### Instructions for the task
Please copy the data shown below, word for word.

Stored entries
━━━━━━━━━━━━━━━━━━━━

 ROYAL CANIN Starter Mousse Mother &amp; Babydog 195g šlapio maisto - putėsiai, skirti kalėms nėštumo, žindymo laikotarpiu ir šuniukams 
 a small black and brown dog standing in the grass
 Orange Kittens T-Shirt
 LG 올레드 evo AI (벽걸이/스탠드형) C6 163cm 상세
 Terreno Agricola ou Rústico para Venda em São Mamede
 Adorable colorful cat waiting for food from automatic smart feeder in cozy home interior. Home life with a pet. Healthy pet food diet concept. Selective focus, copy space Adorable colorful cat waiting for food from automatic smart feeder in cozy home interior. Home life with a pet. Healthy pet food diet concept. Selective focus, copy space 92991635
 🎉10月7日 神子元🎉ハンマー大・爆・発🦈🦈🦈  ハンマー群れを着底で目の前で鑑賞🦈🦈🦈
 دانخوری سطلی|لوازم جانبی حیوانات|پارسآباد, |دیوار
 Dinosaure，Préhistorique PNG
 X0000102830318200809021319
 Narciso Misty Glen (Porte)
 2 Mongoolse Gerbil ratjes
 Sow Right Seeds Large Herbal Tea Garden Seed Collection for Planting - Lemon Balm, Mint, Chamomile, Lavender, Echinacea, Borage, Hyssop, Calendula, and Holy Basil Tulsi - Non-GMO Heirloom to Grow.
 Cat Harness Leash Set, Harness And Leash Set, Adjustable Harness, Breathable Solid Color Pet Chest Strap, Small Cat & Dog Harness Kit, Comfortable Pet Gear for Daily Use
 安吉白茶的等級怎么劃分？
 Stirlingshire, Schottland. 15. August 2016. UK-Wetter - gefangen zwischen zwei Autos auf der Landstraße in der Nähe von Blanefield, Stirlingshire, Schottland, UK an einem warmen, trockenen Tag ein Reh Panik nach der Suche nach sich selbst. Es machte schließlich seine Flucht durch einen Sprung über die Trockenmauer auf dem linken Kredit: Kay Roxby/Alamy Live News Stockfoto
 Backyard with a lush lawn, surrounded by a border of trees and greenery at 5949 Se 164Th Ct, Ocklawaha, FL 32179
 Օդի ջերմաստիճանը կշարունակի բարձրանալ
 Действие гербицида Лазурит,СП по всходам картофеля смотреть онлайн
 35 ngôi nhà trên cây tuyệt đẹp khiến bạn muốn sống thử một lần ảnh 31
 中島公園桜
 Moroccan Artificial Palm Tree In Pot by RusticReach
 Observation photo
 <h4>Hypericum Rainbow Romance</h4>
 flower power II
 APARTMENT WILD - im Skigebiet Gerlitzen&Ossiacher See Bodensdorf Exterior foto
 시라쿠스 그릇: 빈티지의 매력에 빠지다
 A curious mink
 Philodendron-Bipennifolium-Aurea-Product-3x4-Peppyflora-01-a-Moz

━━━━━━━━━━━━━━━━━━━━

### Problem solution
 ROYAL CANIN Starter Mousse Mother &amp; Babydog 195g šlapio maisto - putėsiai, skirti kalėms nėštumo, žindymo laikotarpiu ir šuniukams 
 a small black and brown dog standing in the grass
 Orange Kittens T-Shirt
 LG 올레드 evo AI (벽걸이/스탠드형) C6 163cm 상세
 Terreno Agricola ou Rústico para Venda em São Mamede
 Adorable colorful cat waiting for food from automatic smart feeder in cozy home interior. Home life with a pet. Healthy pet food diet concept. Selective focus, copy space Adorable colorful cat waiting for food from automatic smart feeder in cozy home interior. Home life with a pet. Healthy pet food diet concept. Selective focus, copy space 92991635
 🎉10月7日 神子元🎉ハンマー大・爆・発🦈🦈🦈  ハンマー群れを着底で目の前で鑑賞🦈🦈🦈
 دانخوری سطلی|لوازم جانبی حیوانات|پارسآباد, |دیوار
 Dinosaure，Préhistorique PNG
 X0000102830318200809021319
 Narciso Misty Glen (Porte)
 2 Mongoolse Gerbil ratjes
 Sow Right Seeds Large Herbal Tea Garden Seed Collection for Planting - Lemon Balm, Mint, Chamomile, Lavender, Echinacea, Borage, Hyssop, Calendula, and Holy Basil Tulsi - Non-GMO Heirloom to Grow.
 Cat Harness Leash Set, Harness And Leash Set, Adjustable Harness, Breathable Solid Color Pet Chest Strap, Small Cat & Dog Harness Kit, Comfortable Pet Gear for Daily Use
 安吉白茶的等級怎么劃分？
 Stirlingshire, Schottland. 15. August 2016. UK-Wetter - gefangen zwischen zwei Autos auf der Landstraße in der Nähe von Blanefield, Stirlingshire, Schottland, UK an einem warmen, trockenen Tag ein Reh Panik nach der Suche nach sich selbst. Es machte schließlich seine Flucht durch einen Sprung über die Trockenmauer auf dem linken Kredit: Kay Roxby/Alamy Live News Stockfoto
 Backyard with a lush lawn, surrounded by a border of trees and greenery at 5949 Se 164Th Ct, Ocklawaha, FL 32179
 Օդի ջերմաստիճանը կշարունակի բարձրանալ
 Действие гербицида Лазурит,СП по всходам картофеля смотреть онлайн
 35 ngôi nhà trên cây tuyệt đẹp khiến bạn muốn sống thử một lần ảnh 31
 中島公園桜
 Moroccan Artificial Palm Tree In Pot by RusticReach
 Observation photo
 <h4>Hypericum Rainbow Romance</h4>
 flower power II
 APARTMENT WILD - im Skigebiet Gerlitzen&Ossiacher See Bodensdorf Exterior foto
 시라쿠스 그릇: 빈티지의 매력에 빠지다
 A curious mink
 Philodendron-Bipennifolium-Aurea-Product-3x4-Peppyflora-01-a-Moz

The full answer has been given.